__What to do__: Give again, word for word, the lines below that run from the line with "Used 2020 Ford Escape Titanium FWD image 4" through the line with "Haakboek: Amigurumi Fantasy". Drop the pictures.

__Record excerpts__:
-- Opening Marker --
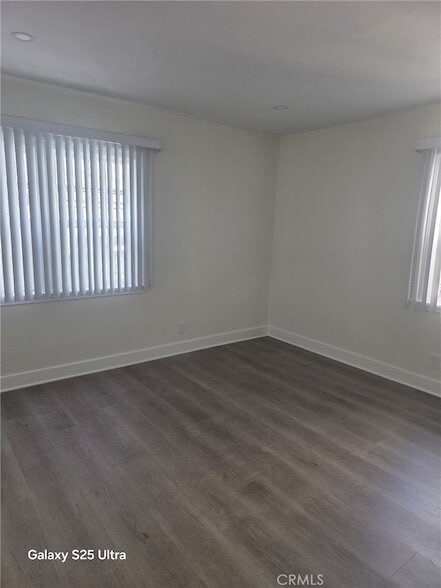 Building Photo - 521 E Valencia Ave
-- Closing Marker --
-- Opening Marker --
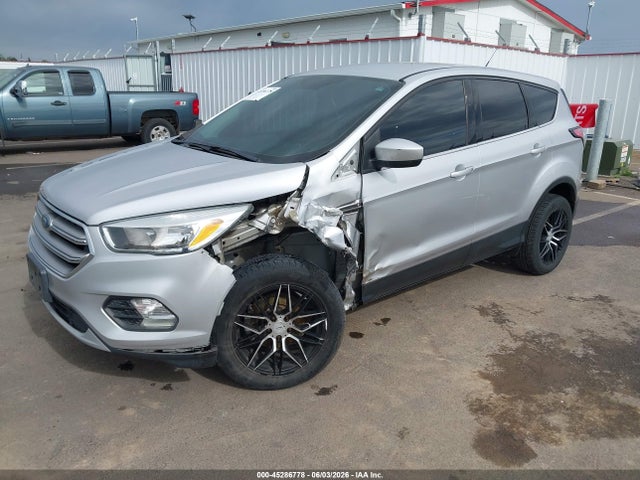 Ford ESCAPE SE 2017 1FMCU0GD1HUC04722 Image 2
-- Closing Marker --
-- Opening Marker --
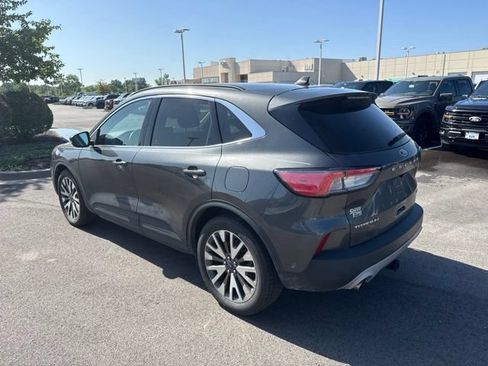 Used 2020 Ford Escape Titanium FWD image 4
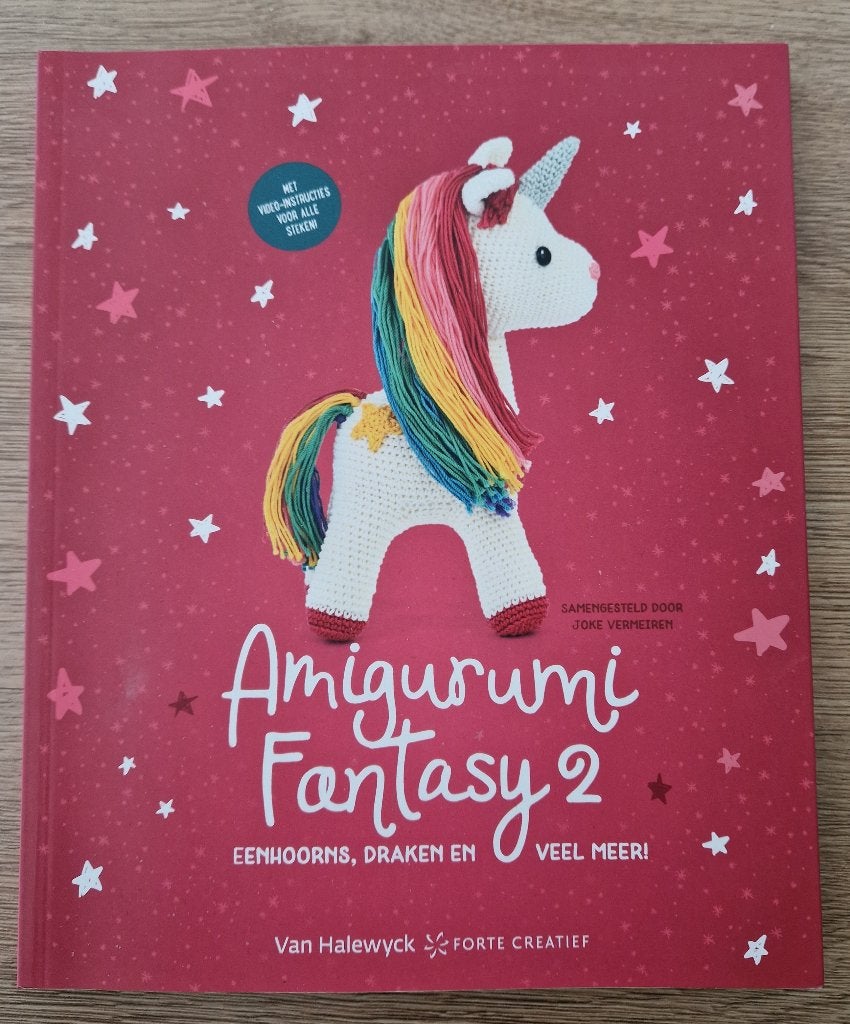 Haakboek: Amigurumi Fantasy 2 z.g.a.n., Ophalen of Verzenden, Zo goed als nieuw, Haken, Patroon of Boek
-- Closing Marker --
__Output of the task__:
 Used 2020 Ford Escape Titanium FWD image 4
 Haakboek: Amigurumi Fantasy 2 z.g.a.n., Ophalen of Verzenden, Zo goed als nieuw, Haken, Patroon of Boek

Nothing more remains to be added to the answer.